- **Your goal**: Under this line are records; the part from the line containing "Astroblastoma (Radiopaedia 39792-42217" through the line containing "Histological Features of" should be repeated exactly. Please exclude pictures.

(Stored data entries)
BEGIN
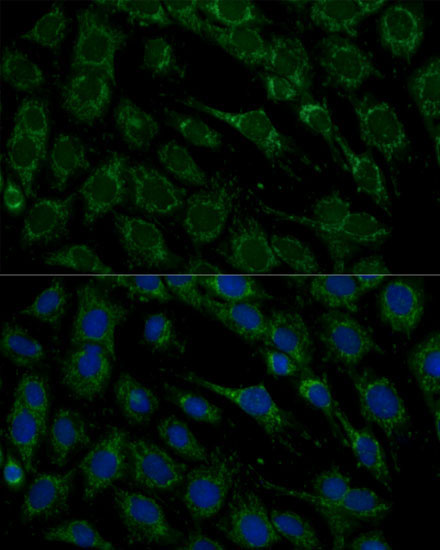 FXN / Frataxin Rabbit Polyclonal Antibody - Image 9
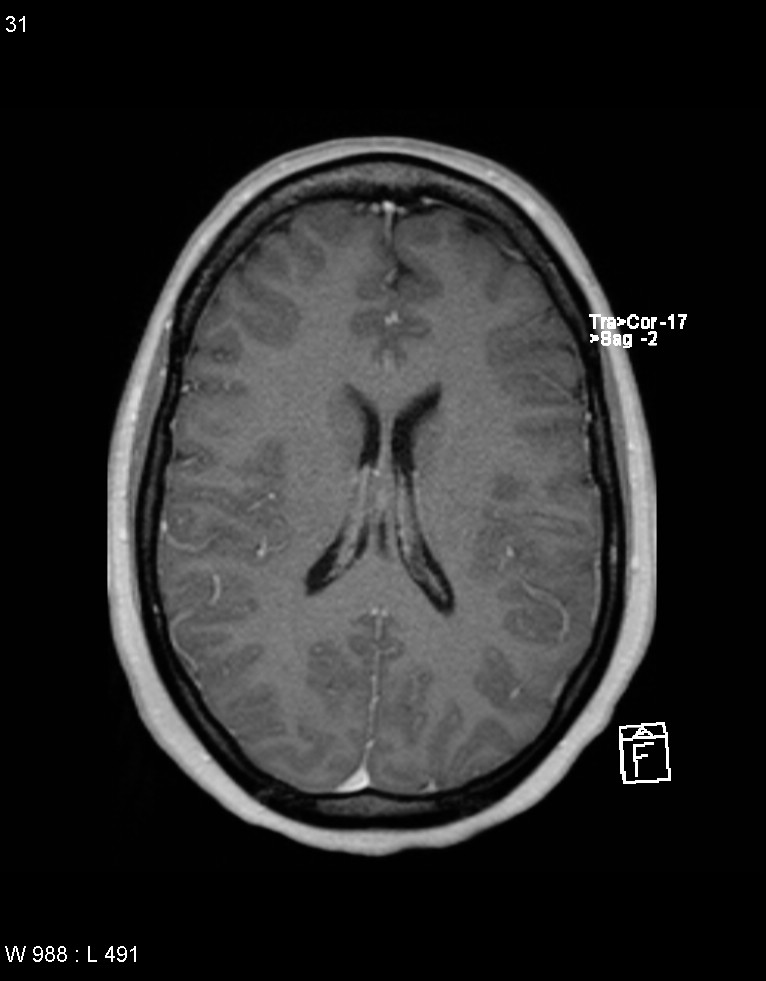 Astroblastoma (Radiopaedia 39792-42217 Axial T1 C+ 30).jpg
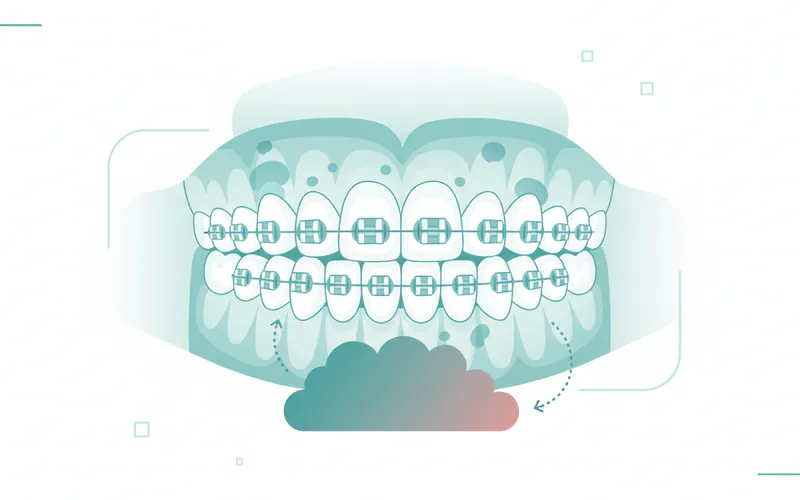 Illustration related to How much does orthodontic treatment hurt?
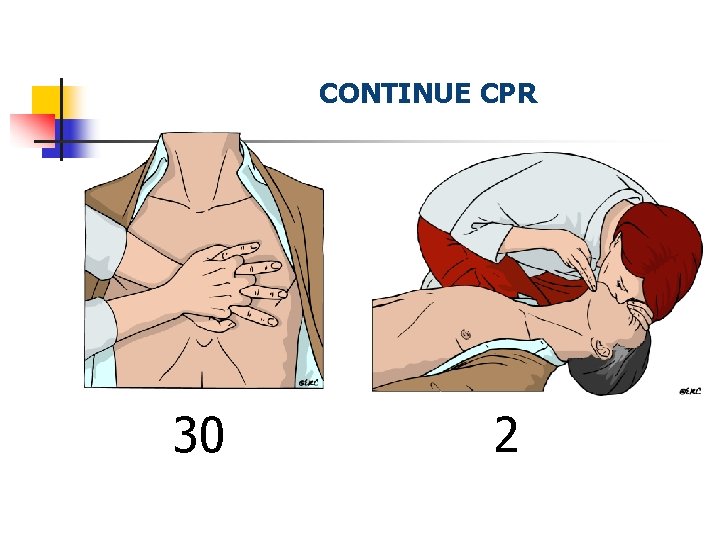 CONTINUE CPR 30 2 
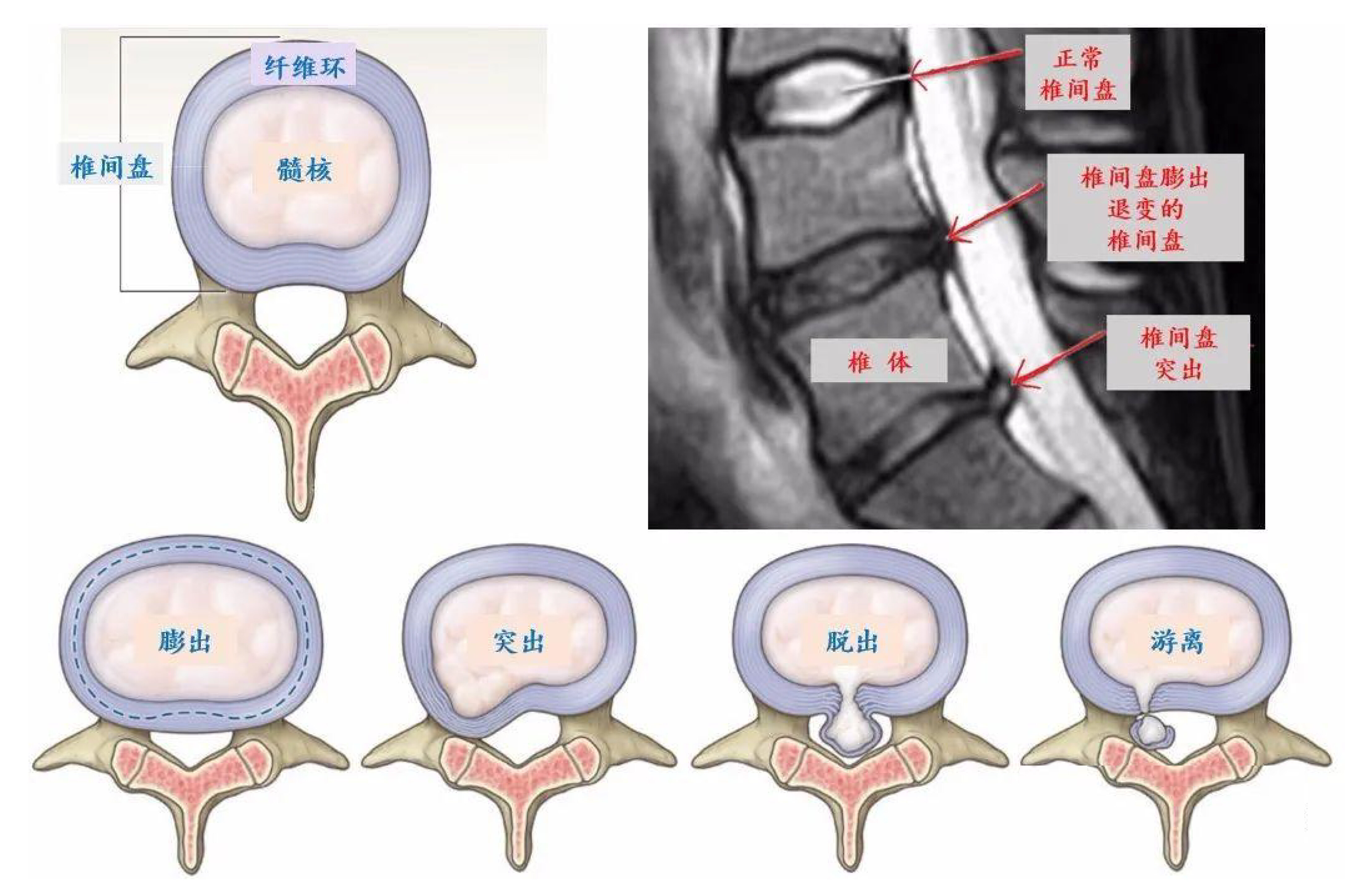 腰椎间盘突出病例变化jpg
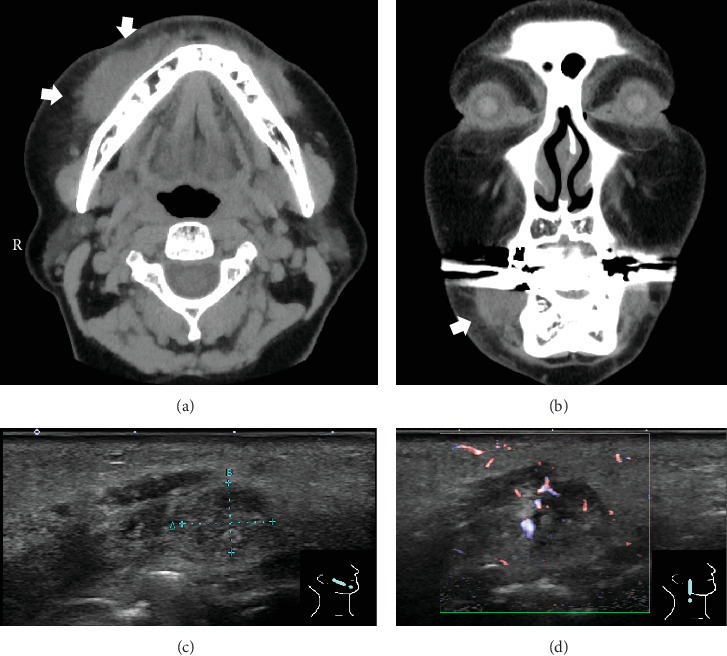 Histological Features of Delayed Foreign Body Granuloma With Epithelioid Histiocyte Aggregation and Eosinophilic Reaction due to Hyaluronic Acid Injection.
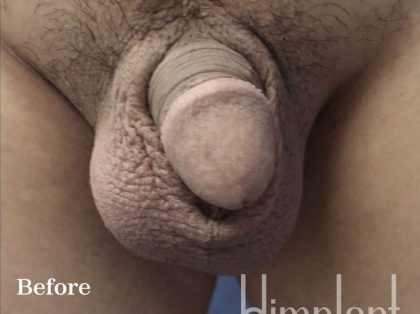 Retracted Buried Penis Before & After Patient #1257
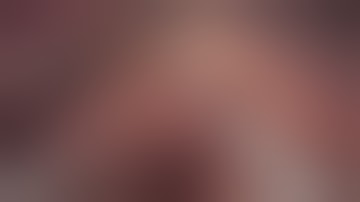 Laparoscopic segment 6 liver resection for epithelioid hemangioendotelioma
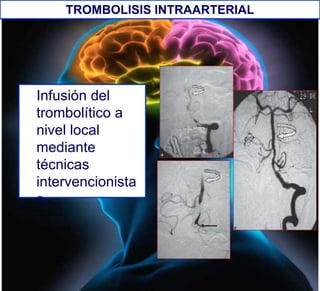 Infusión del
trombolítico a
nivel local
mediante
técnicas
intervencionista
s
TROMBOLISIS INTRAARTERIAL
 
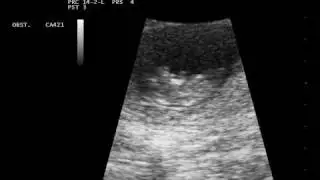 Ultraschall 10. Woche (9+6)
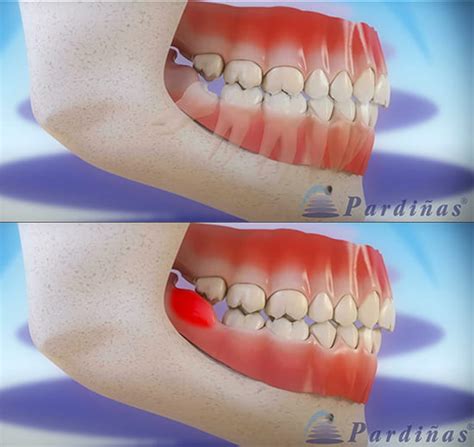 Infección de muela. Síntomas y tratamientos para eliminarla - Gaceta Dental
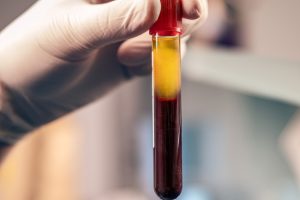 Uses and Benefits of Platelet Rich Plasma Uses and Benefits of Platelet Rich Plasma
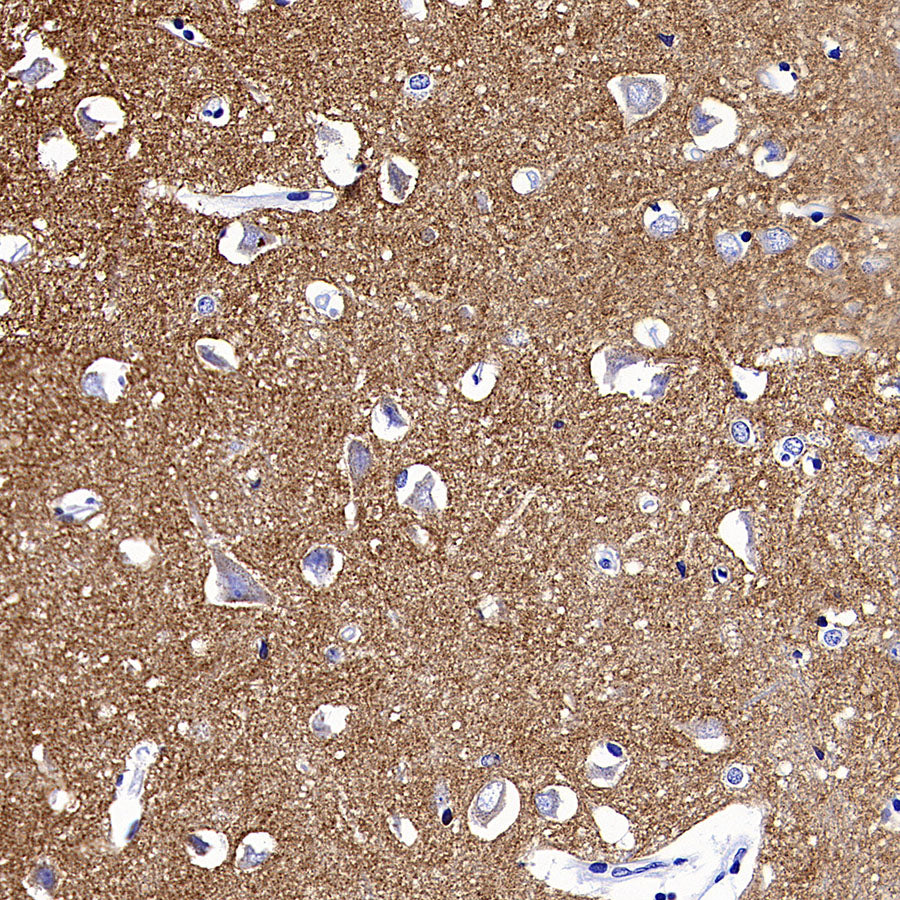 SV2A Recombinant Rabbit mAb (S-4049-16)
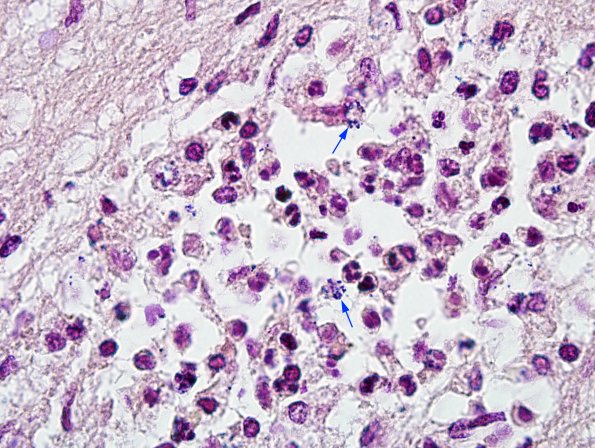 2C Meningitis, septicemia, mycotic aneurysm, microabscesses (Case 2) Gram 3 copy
END
- **Task result**:
 Astroblastoma (Radiopaedia 39792-42217 Axial T1 C+ 30).jpg
 Illustration related to How much does orthodontic treatment hurt?
 CONTINUE CPR 30 2 
 腰椎间盘突出病例变化jpg
 Histological Features of Delayed Foreign Body Granuloma With Epithelioid Histiocyte Aggregation and Eosinophilic Reaction due to Hyaluronic Acid Injection.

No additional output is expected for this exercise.